There would be teams with a 34-game winner (Boston's Joe Wood in 1912) and ones with seven pitchers who'd record at least 10 wins (Cincinnati's 1976 Big Red Machine).
But never in baseball history has a team won the World Series if its winningest pitcher didn't have at least 14 victories for the team during a full season. (Fernando Valenzuela led Los Angeles with 13 in strike-shortened 1981.) In fact, just two World Series champs had a winningest pitcher with less than 15 wins: the 2003 Florida Marlins with three 14-game winners, and the 1979 Pittsburgh Pirates, led by John Candelaria (14).
In other words, the odds aren't in the Phillies' favor heading into the playoffs.
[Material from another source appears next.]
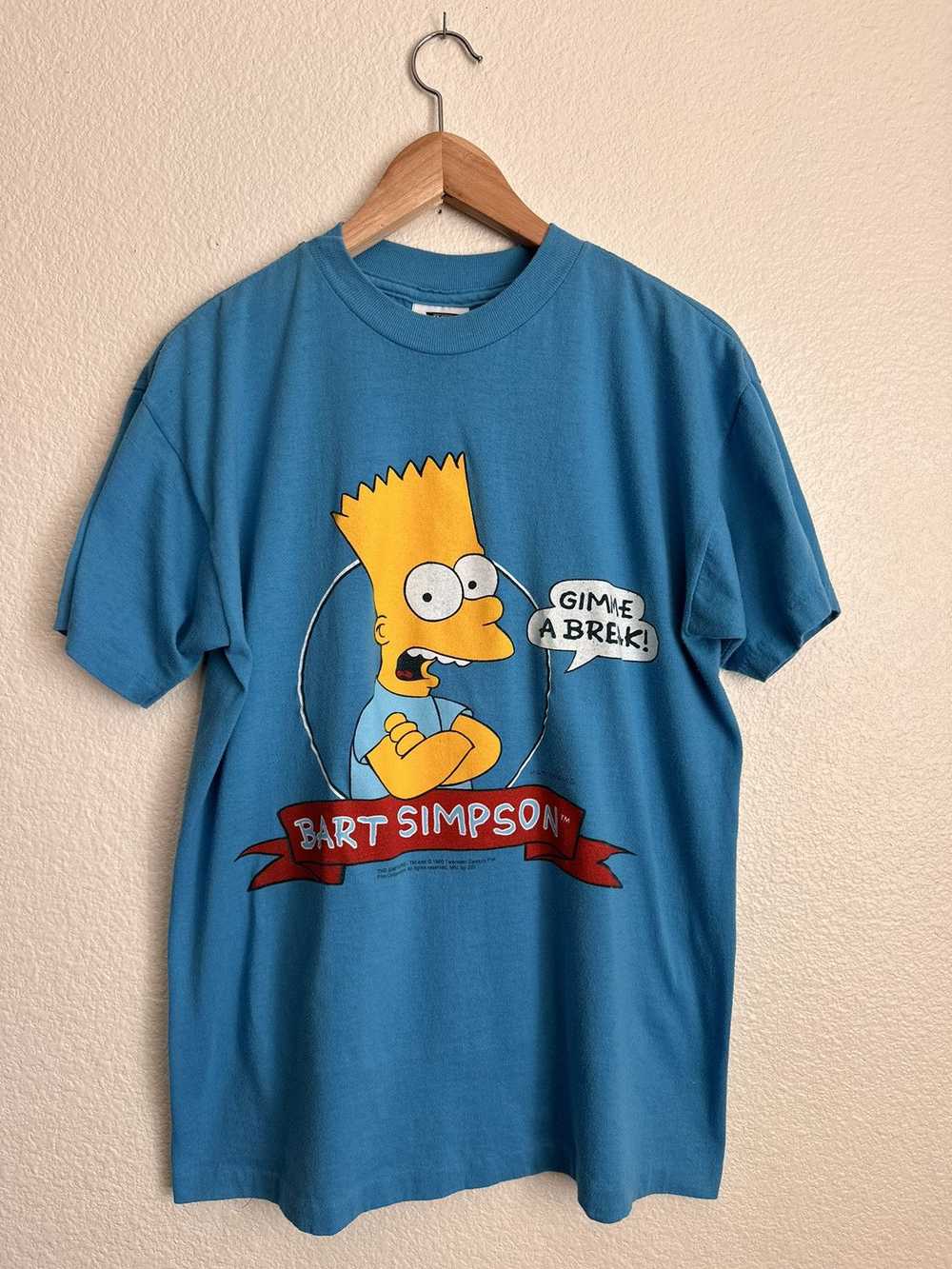 The Simpsons × Vintage Vintage 1990 single stitch… - image 1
And it doesn't look too good for L.A. either.
The winningest pitcher on both teams finished with just 12 wins. The Phillies' Joe Blanton, J.A. Happ, and Jamie Moyer reached 12, while Chad Billingsley had 12 for the Dodgers. Every other team in this year's playoffs features a pitcher with at least 15 wins.
And you thought it was bad for the Phillies that their closer is 0-8 with 11 blown saves and a 7.21 ERA.
Looking for a bright side, or perhaps an asterisk to the rule? Cliff Lee finished with 14 total wins for the season if you count the seven he won before his trade from Cleveland.